• _Collected data_
┄┄┄┄┄┄

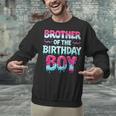 Brother Of The Birthday Boy Ice Cream Baseball Family Party Unisex Sweatshirt Brother Of The Birthday Boy Ice Cream Baseball Family Party Unisex Sweatshirt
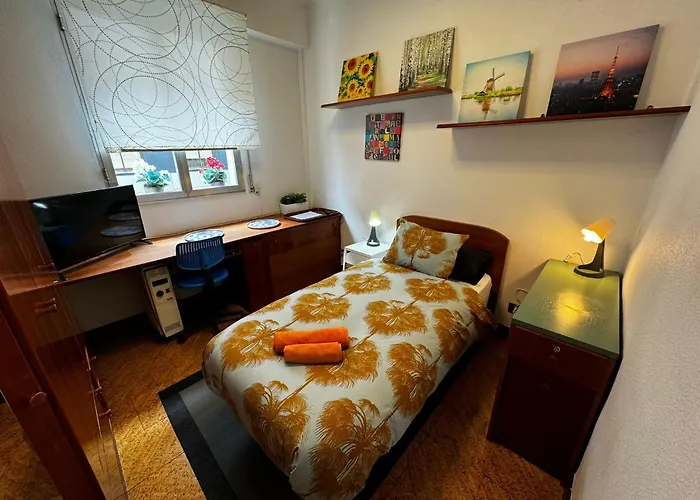 Deusto Piso Wifi Internet T V Y Garaje *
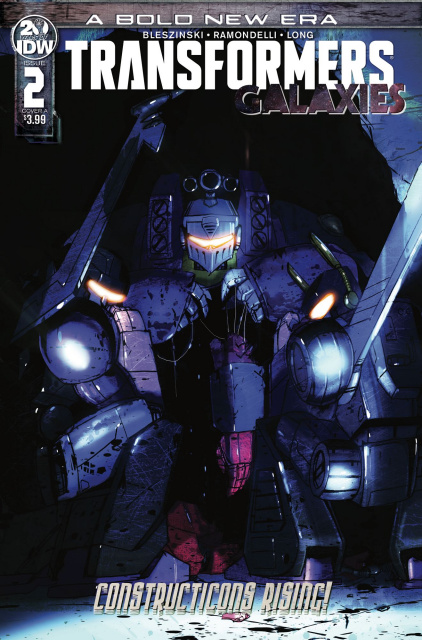 Transformers: Galaxies #2 (Ramondelli Cover)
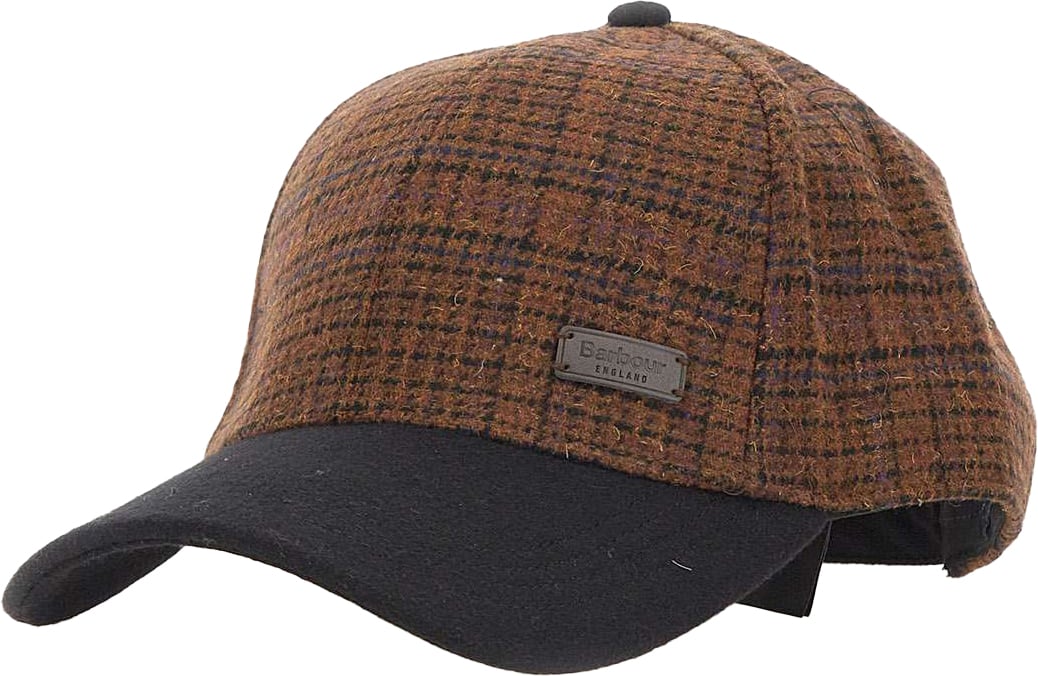 Barbour Scarfs Brown Bruin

┄┄┄┄┄┄

• _What to produce_
Retype all the data exactly; skip the pictures.

• _Written solution_
 Brother Of The Birthday Boy Ice Cream Baseball Family Party Unisex Sweatshirt Brother Of The Birthday Boy Ice Cream Baseball Family Party Unisex Sweatshirt
 Deusto Piso Wifi Internet T V Y Garaje *
 Transformers: Galaxies #2 (Ramondelli Cover)
 Barbour Scarfs Brown Bruin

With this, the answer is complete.